We decided to ride together to finish the ride but once again, I found myself slowly falling off the back of the herd. This time, it was due to getting excessively sleepy to the point where I decided to pull off the road, find a nice fire ant-free shady spot and take a nap!
After the nap, I felt much better and set off for my last day on the brevet as I headed towards Buffalo. Once in Buffalo, I stopped at a convenience store near the one on the route sheet and the girls who worked there were very kind to me providing me with both company and refills as I relaxed and tried to eat a few bites of food. Sometimes, a little kindness sure goes a long ways!
As I moved towards the official control, George pulled ahead of me and I stopped to talk with him. Apparently, the herd had noticed my absence and alerted George to be on the lookout for me. I told George about my nap and he assured me that I was on the right track. I started off towards the next control of Mexia assured that I was essentially on-track to finish the event with only about 100 miles to go.
I arrived in Mexia around 1430 hrs and quite a few riders where still at the local McDonald’s. I spoke briefly to Gary who mentioned that they had incurred several flats and mechanical issues! He didn’t seem to be the least bit deterred and his attitude that this was a great adventure reminded me about what randoneering is all about.
Keep in mind that this is Saturday, May 4th and the next day, Cinco de Mayo, meant that there might be more drivers out who had too much to drink. I wanted to ride with the herd but the extra time I took in Mexia to eat, purchase some more lip balm and grab an energy drink meant I was once again behind them.
The green, rolling farmland that we traversed next was also a real joy to ride. Despite the miles covered, the wind, the heat and the cold morning, everyone realized we were on-track to finish.
As I hit the 40 miles to go point, much to my dismay, I came upon another ambulance.

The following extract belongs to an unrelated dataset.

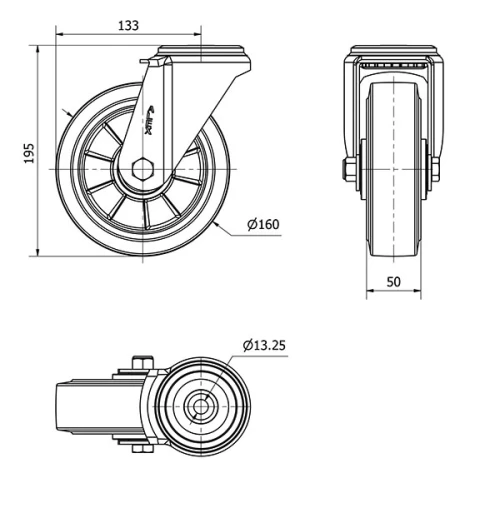 Données techniques 2-1361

My heart sank with I realized it was one of our riders, my new friend Charlie Fenske, who I had ridden with the first two days. Here we are, 40 miles to go and Charlie is being loaded into an ambulance. The others assured me that Charlie was going to be OK suffering mainly from a jammed neck and that he wasn’t likely in any real danger.
This section of road was a slight downhill. The right track had deteriorated and contained a sizable crack. That’s what took Charlie down.

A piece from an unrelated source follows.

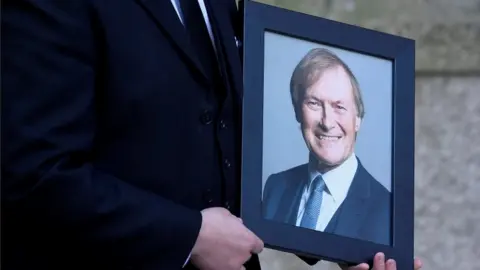 PA Media Sir David was first elected for the Essex seat in 1997, and before that he had been MP for Basildon since 1983.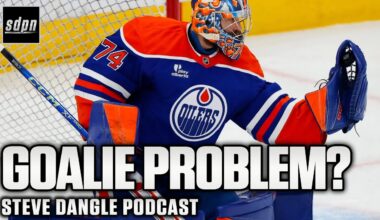 Do The Edmonton Oilers Have A Goaltending Problem? | SDP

At this point, I was happy to see other riders due to my concerns with Cinco de Mayo so I elected to ride with them. Charlie’s accident reminded all of us to be a bit more diligent over the last 2-3 hours and those final 40 miles were covered safely and without incident.

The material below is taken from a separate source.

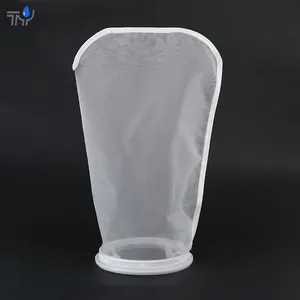 1 5 10 20 25 50 100 200 300 400 500 micron aquarium filter sock nylon mesh water liquid filter bag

As Waxahachie loomed quickly in front of us, my mind, as it tends to do, wandered back to the previous 86+ hours and I thought about what finishing my second 1200 meant to me. It helped to confirm that the first one wasn’t a fluke and that I could now perhaps accept that I’m a bona fide brevet rider!
As the time clicked towards 2200 hrs, I realized that we were going to finish at exactly 10 pm. Imagine our surprise when we saw the crowd waiting on us at the hotel! Those who had already finished were there – all the volunteers were there and I think even a few guests joined everyone outside as they cheered our arrival!
After our arrival, it was literally an all-out party – there was dinner waiting on us, we hugged each other, took tons of pictures and, we were given our precious, Texas-sized medals for finishing the event.
A special thanks goes out to the Texas clubs and volunteers who organized and ran the event. A lot of people dedicated time and effort to insure our safety and well-being and everyone who participated in the event is thankful!
Please note – these pictures are compliments of Brenda Barnell. I am thankful that she was there to document the event and appreciate the use of her photographs! Thank you Brenda!!!!